#### Data for the task

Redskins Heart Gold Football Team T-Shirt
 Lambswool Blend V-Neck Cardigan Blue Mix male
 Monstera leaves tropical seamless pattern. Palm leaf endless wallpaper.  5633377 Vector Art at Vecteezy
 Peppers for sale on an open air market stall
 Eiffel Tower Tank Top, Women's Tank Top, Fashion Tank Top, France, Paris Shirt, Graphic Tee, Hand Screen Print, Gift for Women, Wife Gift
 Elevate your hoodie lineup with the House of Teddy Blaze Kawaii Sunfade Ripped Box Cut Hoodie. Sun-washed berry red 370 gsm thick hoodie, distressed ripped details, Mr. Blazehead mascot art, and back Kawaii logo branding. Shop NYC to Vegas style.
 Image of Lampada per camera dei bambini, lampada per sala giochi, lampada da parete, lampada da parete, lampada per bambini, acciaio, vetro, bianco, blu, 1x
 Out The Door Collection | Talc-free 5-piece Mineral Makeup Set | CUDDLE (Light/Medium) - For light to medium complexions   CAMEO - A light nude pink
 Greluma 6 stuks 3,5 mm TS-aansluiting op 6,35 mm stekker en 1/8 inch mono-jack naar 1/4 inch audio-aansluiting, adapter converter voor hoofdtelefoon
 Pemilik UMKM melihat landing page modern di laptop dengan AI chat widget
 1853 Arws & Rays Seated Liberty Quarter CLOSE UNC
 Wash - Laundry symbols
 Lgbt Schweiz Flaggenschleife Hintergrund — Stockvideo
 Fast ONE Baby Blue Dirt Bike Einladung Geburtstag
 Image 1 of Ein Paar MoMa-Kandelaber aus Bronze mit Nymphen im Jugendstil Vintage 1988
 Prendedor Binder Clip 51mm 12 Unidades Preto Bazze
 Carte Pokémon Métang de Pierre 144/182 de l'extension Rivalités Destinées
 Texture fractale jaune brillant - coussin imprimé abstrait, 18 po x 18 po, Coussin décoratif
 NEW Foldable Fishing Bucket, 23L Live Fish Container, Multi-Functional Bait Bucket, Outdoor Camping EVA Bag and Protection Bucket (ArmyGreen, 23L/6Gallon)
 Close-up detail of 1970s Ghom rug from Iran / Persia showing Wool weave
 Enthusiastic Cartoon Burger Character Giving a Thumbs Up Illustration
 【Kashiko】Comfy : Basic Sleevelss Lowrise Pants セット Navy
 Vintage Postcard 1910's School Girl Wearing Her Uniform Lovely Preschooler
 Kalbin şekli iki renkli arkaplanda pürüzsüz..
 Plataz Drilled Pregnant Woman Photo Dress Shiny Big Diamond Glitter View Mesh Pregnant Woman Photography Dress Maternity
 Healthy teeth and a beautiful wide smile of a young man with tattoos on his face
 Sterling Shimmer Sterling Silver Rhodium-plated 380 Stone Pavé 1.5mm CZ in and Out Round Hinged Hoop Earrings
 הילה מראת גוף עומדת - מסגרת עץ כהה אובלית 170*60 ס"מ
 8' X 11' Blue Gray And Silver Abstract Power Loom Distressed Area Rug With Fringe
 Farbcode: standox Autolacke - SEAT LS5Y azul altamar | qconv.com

########

**What you have to do**
Write the listing out again in full, exactly as it stands above.

**Task response**
Redskins Heart Gold Football Team T-Shirt
 Lambswool Blend V-Neck Cardigan Blue Mix male
 Monstera leaves tropical seamless pattern. Palm leaf endless wallpaper.  5633377 Vector Art at Vecteezy
 Peppers for sale on an open air market stall
 Eiffel Tower Tank Top, Women's Tank Top, Fashion Tank Top, France, Paris Shirt, Graphic Tee, Hand Screen Print, Gift for Women, Wife Gift
 Elevate your hoodie lineup with the House of Teddy Blaze Kawaii Sunfade Ripped Box Cut Hoodie. Sun-washed berry red 370 gsm thick hoodie, distressed ripped details, Mr. Blazehead mascot art, and back Kawaii logo branding. Shop NYC to Vegas style.
 Image of Lampada per camera dei bambini, lampada per sala giochi, lampada da parete, lampada da parete, lampada per bambini, acciaio, vetro, bianco, blu, 1x
 Out The Door Collection | Talc-free 5-piece Mineral Makeup Set | CUDDLE (Light/Medium) - For light to medium complexions   CAMEO - A light nude pink
 Greluma 6 stuks 3,5 mm TS-aansluiting op 6,35 mm stekker en 1/8 inch mono-jack naar 1/4 inch audio-aansluiting, adapter converter voor hoofdtelefoon
 Pemilik UMKM melihat landing page modern di laptop dengan AI chat widget
 1853 Arws & Rays Seated Liberty Quarter CLOSE UNC
 Wash - Laundry symbols
 Lgbt Schweiz Flaggenschleife Hintergrund — Stockvideo
 Fast ONE Baby Blue Dirt Bike Einladung Geburtstag
 Image 1 of Ein Paar MoMa-Kandelaber aus Bronze mit Nymphen im Jugendstil Vintage 1988
 Prendedor Binder Clip 51mm 12 Unidades Preto Bazze
 Carte Pokémon Métang de Pierre 144/182 de l'extension Rivalités Destinées
 Texture fractale jaune brillant - coussin imprimé abstrait, 18 po x 18 po, Coussin décoratif
 NEW Foldable Fishing Bucket, 23L Live Fish Container, Multi-Functional Bait Bucket, Outdoor Camping EVA Bag and Protection Bucket (ArmyGreen, 23L/6Gallon)
 Close-up detail of 1970s Ghom rug from Iran / Persia showing Wool weave
 Enthusiastic Cartoon Burger Character Giving a Thumbs Up Illustration
 【Kashiko】Comfy : Basic Sleevelss Lowrise Pants セット Navy
 Vintage Postcard 1910's School Girl Wearing Her Uniform Lovely Preschooler
 Kalbin şekli iki renkli arkaplanda pürüzsüz..
 Plataz Drilled Pregnant Woman Photo Dress Shiny Big Diamond Glitter View Mesh Pregnant Woman Photography Dress Maternity
 Healthy teeth and a beautiful wide smile of a young man with tattoos on his face
 Sterling Shimmer Sterling Silver Rhodium-plated 380 Stone Pavé 1.5mm CZ in and Out Round Hinged Hoop Earrings
 הילה מראת גוף עומדת - מסגרת עץ כהה אובלית 170*60 ס"מ
 8' X 11' Blue Gray And Silver Abstract Power Loom Distressed Area Rug With Fringe
 Farbcode: standox Autolacke - SEAT LS5Y azul altamar | qconv.com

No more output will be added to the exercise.